An inventor may obtain claims in a second U.S. patent that vary in only minor (patentably indistinct) ways from claims the same inventor obtained in a first patent. But the USPTO will typically reject the claims in the second application under the doctrine of “obviousness-type double patenting.” Inventors can overcome such rejections during prosecution to obtain the second patent (and many more thereafter if desired) by filing a terminal disclaimer. The language of the terminal disclaimer prevents the timewise extension of patent term through multiple filings and prevents the indistinct claims from being separately assigned. In this way, terminal disclaimers are designed to strike a balance between incentivizing innovation while providing more certainty and protection to the public.

Over the years, the terminal disclaimer has worked exactly as designed. However, the usual bad actors have driven the USPTO to propose its first change in decades.

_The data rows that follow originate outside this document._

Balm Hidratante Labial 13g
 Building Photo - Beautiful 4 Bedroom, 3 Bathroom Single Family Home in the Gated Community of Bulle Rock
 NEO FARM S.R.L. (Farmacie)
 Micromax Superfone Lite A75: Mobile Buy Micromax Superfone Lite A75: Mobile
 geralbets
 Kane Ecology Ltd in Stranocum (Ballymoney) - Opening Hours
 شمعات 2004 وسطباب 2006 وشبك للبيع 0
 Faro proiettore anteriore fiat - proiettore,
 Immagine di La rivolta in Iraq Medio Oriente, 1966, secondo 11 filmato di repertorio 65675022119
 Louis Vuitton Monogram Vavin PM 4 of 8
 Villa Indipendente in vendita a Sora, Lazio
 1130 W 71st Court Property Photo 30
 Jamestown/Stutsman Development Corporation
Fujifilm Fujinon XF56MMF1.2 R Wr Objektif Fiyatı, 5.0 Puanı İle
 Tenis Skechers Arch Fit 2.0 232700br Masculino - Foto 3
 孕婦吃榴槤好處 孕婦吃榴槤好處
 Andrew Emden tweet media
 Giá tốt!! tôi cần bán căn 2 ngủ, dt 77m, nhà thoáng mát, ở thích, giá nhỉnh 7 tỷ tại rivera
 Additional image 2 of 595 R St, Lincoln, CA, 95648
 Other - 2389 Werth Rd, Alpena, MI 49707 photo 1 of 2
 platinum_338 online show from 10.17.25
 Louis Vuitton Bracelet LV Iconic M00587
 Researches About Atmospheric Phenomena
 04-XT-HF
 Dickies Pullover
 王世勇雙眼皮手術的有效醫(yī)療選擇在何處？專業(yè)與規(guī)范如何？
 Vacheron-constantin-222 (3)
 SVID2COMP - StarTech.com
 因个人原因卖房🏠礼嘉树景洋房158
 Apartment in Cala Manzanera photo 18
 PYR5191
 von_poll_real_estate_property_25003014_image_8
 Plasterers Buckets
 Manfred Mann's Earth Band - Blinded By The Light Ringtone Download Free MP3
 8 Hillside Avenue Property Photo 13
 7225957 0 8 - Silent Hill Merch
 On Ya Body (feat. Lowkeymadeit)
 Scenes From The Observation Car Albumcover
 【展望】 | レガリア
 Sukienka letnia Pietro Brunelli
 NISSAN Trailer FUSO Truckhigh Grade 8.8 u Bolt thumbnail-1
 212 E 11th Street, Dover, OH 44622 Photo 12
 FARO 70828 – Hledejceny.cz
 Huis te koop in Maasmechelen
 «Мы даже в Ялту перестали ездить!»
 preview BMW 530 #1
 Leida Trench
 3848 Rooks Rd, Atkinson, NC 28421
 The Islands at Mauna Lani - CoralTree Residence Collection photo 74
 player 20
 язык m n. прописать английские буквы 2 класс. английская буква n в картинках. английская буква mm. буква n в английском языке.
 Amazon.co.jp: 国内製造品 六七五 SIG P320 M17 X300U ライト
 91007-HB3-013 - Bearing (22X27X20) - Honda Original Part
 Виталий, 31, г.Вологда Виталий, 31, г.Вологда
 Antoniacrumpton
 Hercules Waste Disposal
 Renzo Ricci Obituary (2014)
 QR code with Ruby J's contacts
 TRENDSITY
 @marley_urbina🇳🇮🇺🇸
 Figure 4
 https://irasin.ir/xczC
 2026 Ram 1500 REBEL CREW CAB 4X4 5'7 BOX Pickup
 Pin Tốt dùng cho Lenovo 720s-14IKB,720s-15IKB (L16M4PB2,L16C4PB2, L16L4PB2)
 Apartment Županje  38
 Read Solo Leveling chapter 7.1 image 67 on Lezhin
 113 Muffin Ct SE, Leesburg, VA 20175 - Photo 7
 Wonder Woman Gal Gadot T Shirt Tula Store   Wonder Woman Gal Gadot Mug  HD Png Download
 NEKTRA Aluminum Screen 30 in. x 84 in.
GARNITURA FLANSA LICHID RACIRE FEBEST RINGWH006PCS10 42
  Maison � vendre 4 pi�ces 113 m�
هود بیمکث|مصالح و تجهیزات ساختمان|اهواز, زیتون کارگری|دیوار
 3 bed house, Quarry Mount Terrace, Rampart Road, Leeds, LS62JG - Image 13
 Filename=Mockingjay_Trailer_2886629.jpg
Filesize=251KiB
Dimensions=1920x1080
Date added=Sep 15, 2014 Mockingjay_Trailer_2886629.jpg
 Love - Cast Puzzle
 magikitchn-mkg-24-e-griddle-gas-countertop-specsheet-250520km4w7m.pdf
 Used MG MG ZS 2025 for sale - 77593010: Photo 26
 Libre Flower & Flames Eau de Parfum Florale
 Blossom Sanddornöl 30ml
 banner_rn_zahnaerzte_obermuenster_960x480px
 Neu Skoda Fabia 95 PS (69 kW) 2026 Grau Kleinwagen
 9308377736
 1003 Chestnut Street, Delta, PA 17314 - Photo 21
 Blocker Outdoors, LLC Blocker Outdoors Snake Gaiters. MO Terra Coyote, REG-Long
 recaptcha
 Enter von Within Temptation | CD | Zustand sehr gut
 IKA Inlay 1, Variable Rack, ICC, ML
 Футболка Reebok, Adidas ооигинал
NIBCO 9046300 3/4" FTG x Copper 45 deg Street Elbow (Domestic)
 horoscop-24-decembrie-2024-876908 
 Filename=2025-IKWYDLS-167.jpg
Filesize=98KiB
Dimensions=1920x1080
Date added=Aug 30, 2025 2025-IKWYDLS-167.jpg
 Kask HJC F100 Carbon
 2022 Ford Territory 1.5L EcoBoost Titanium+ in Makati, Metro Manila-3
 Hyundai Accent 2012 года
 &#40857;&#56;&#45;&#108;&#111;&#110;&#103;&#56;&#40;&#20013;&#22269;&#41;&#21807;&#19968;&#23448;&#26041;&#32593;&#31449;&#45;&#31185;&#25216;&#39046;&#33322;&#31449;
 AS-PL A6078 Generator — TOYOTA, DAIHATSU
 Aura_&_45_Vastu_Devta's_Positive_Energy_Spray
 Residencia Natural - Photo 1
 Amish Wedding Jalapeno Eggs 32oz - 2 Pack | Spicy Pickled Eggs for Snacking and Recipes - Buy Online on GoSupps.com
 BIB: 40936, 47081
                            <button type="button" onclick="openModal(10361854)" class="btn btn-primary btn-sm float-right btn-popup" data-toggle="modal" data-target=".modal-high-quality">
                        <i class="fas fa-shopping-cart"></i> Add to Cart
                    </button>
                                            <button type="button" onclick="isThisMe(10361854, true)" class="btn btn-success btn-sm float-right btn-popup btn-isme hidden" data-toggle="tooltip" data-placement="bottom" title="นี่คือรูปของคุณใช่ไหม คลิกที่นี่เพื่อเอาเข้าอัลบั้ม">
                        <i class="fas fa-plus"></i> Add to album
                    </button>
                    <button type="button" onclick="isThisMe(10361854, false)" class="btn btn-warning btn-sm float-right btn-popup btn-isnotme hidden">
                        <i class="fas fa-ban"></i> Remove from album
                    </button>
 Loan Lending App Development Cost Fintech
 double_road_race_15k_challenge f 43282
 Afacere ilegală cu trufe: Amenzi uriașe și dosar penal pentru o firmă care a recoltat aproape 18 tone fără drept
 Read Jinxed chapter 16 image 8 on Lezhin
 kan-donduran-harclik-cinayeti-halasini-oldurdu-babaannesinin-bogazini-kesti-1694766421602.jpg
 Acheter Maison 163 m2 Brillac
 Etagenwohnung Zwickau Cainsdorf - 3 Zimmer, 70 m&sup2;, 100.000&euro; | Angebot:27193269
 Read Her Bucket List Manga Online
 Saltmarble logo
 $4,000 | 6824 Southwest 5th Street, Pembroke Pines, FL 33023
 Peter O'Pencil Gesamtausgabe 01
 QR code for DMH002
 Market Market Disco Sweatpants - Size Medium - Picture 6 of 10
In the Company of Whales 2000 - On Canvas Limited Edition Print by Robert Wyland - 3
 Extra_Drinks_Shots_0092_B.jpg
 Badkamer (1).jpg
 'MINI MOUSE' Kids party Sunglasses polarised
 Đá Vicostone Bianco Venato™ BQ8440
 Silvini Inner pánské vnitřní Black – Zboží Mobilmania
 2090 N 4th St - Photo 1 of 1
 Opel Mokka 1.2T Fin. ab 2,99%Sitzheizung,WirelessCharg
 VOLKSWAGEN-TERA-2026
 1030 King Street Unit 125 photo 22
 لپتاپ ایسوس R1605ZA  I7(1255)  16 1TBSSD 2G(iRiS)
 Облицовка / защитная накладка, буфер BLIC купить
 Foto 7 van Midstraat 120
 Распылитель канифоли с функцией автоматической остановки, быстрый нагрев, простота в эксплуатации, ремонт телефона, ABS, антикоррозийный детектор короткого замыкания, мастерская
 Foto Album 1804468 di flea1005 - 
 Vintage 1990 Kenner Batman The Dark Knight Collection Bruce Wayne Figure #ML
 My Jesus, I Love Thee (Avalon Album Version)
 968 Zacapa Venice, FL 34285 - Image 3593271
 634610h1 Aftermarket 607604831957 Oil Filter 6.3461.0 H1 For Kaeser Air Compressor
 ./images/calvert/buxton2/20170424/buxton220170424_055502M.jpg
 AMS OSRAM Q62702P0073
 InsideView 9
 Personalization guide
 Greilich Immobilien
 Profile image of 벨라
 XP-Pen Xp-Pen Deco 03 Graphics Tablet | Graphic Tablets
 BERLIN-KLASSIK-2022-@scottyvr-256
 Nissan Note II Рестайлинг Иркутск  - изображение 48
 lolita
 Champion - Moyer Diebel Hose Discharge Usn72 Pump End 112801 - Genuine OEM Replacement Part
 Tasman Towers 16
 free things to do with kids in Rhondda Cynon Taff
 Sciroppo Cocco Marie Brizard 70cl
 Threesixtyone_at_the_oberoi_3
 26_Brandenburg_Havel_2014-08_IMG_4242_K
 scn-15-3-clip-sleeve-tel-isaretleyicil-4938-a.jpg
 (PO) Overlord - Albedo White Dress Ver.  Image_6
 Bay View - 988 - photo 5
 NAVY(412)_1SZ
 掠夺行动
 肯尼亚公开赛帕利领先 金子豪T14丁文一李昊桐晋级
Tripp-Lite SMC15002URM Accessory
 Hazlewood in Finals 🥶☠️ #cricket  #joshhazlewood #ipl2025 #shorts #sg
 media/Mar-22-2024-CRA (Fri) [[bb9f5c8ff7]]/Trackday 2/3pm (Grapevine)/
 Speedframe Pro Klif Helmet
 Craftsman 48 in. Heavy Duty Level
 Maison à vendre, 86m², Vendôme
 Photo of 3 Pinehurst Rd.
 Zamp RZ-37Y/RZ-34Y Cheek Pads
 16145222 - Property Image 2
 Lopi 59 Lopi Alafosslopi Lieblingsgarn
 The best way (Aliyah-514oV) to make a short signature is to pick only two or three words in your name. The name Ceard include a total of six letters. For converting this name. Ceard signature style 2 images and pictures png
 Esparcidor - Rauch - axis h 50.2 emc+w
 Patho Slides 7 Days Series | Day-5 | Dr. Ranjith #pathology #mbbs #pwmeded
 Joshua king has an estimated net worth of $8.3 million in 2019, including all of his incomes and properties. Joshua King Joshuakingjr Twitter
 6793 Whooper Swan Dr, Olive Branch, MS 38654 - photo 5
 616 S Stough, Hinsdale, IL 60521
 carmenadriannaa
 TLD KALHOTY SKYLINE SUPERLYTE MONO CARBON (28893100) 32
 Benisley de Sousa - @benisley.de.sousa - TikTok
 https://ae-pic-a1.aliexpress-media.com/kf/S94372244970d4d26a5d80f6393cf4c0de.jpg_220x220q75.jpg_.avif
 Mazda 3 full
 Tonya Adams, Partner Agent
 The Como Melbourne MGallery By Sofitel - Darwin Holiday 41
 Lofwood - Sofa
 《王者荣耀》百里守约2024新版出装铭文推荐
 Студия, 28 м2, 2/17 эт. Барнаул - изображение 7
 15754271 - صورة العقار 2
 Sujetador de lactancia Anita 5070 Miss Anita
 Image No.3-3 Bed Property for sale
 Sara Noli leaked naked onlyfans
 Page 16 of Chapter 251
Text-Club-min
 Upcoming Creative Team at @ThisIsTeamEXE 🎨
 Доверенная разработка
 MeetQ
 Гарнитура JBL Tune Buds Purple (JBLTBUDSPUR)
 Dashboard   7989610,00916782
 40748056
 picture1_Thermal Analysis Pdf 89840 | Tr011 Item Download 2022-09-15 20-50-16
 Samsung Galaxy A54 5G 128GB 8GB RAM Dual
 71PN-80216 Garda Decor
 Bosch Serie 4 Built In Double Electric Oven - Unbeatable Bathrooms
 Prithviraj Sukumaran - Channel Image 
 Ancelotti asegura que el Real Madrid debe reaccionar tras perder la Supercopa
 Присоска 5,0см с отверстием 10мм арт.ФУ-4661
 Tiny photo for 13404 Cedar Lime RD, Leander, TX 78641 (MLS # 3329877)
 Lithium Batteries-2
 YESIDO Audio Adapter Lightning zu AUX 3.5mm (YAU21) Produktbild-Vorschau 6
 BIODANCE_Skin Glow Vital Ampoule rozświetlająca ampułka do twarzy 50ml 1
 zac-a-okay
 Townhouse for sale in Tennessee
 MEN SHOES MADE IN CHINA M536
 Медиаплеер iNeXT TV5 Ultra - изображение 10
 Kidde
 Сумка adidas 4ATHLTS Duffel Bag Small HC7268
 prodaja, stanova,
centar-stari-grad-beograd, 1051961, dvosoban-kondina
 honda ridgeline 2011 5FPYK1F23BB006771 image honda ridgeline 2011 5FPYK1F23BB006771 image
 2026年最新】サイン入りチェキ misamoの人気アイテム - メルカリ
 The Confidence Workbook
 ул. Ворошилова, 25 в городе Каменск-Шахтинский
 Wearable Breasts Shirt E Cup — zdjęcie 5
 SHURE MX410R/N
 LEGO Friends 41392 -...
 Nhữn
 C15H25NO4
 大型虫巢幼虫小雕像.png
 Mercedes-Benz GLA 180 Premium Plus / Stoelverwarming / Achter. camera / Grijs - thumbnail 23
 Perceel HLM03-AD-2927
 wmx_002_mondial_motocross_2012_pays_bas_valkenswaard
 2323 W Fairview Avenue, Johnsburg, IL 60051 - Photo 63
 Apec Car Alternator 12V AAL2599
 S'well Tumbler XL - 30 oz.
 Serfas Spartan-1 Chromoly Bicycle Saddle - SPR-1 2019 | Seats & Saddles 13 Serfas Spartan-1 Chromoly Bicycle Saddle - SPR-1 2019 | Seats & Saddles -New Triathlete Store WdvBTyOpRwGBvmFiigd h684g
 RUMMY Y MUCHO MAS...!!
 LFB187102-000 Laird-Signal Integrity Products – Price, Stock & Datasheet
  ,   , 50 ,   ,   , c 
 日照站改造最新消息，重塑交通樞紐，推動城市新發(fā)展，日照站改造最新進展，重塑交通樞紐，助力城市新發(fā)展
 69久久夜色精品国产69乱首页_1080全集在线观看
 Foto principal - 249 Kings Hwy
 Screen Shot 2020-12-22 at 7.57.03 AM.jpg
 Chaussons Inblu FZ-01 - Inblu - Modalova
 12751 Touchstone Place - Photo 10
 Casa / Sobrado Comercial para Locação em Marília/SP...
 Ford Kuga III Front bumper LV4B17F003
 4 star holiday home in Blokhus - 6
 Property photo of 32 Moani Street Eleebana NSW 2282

The USPTO has issued a notice of proposed rulemaking (NPRM) to add a new requirement for terminal disclaimers filed to obviate (overcome) non-statutory double patenting (here).

Under the proposed rule, to overcome double patenting the patentee would need to additionally stipulate that the patent subject to the terminal disclaimer will be enforceable only if it is not tied and has never been tied (through one or more terminal disclaimers) to a patent in which any claim has been finally held unpatentable or invalid over prior art. In other words, if a patent of a patentably indistinct group of patents (linked by terminal disclaimer) falls, so too would the rest.

If one were designing a patent system from scratch, this would be a common-sense control to include as it makes no sense to invalidate one patent of a group of indistinct patents only to face the same indistinct claim and litigation expense over-and-over again. For example, defeating a claim to a certain camera system only to face an indistinct claim again where the word “camera” is replaced with “imaging device.” And yes, there are plenty of people out there filing such rerun lawsuits. While collateral estoppel may offer some protection to the public, that defense is an expensive and time consuming litigation adventure. And for whatever reason the USPTO is very reluctant to find estoppel (or to even apply their own in any kind of consistent or logical fashion).

As explained by the USPTO in its Notice, the proposed change is designed to streamline and expedite patent disputes, narrow validity issues, and provide greater certainty to the public.

I expect there will be a seismic eruption of pushback from patent owners on this proposal. It is also inevitable that there will be a countervailing legislative proposal released within weeks. Fur will fly in the meantime.